Creation of the Modern Prison in England and Europe (1550–1850)
This well-known passage in which Marx outlines the essential meaning of the ‘so-called primitive accumulation’ is the key to a reading of those historical events which are the subject of our enquiry. The same process, of divorcing the producer from his means of production, is at the root of a dual phenomenon: the transformation of means of production into capital; and the transformation of the immediate producer tied to the soil into a free labourer. The process manifests itself concretely in the economic, political, social, ideological and moral dissolution of the feudal world. The first aspect of the question, the creation of capital, does not concern us here. Rather it is the second aspect, the formation of the proletariat, that constitutes the more fruitful area of research.
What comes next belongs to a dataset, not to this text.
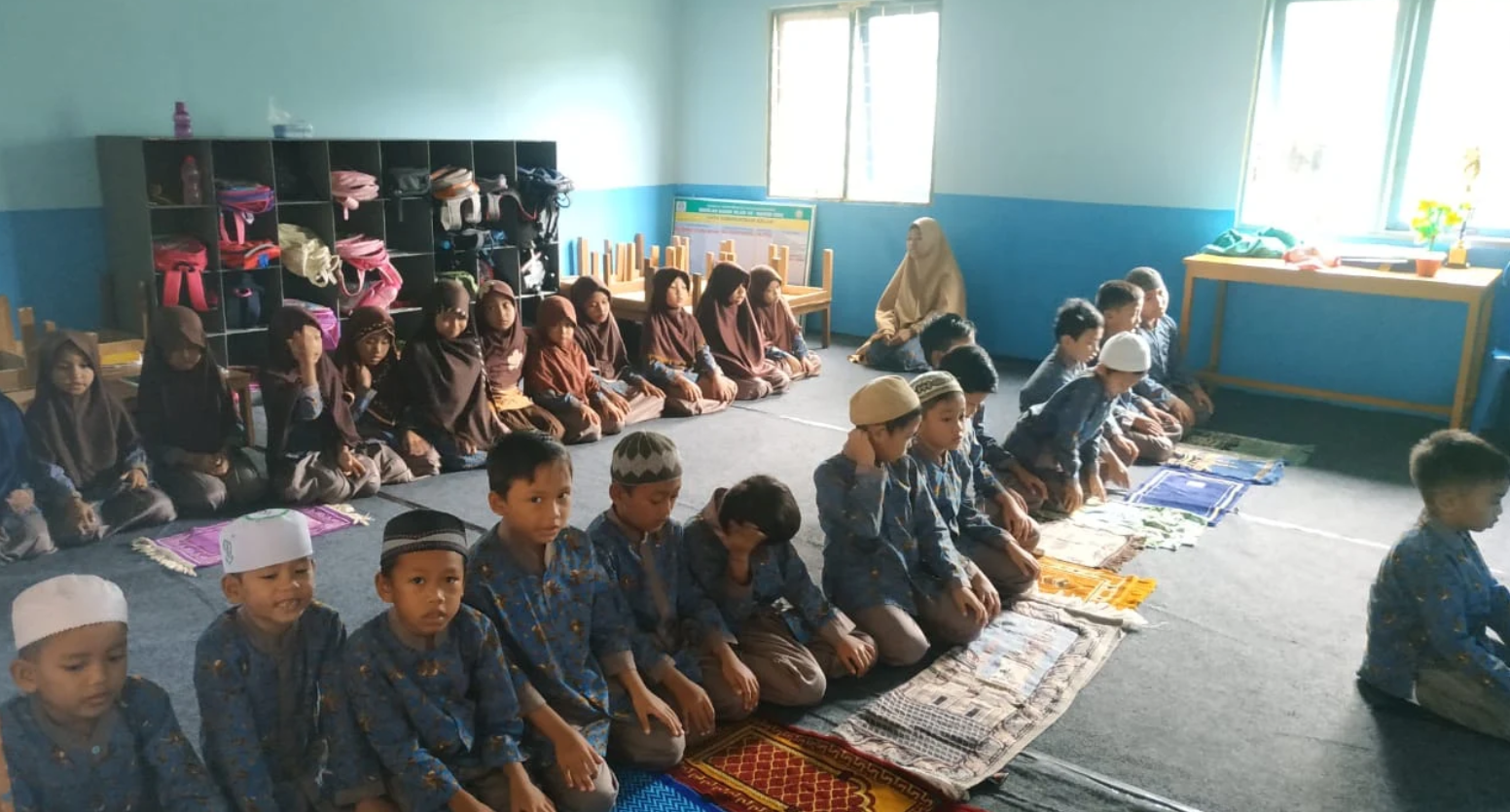Pembelajaran Shalat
The process, therefore, that clears the way for the capitalist system, can be none other than the process which takes away from the labourer the possession of his means of production; a process that transforms, on the one hand, the social means of subsistence and of production into capital; on the other hand, the immediate producers into wage-labourers. The so-called ‘primitive accumulation’ therefore, is nothing else than the historical process of divorcing the producer from the means of production. It appears as primitive because it forms the pre-historic stage of capital and of the mode of production corresponding with it. The economic structure of capitalistic society has grown out of the economic structure of feudal society. The dissolution of the latter set free the elements of the former.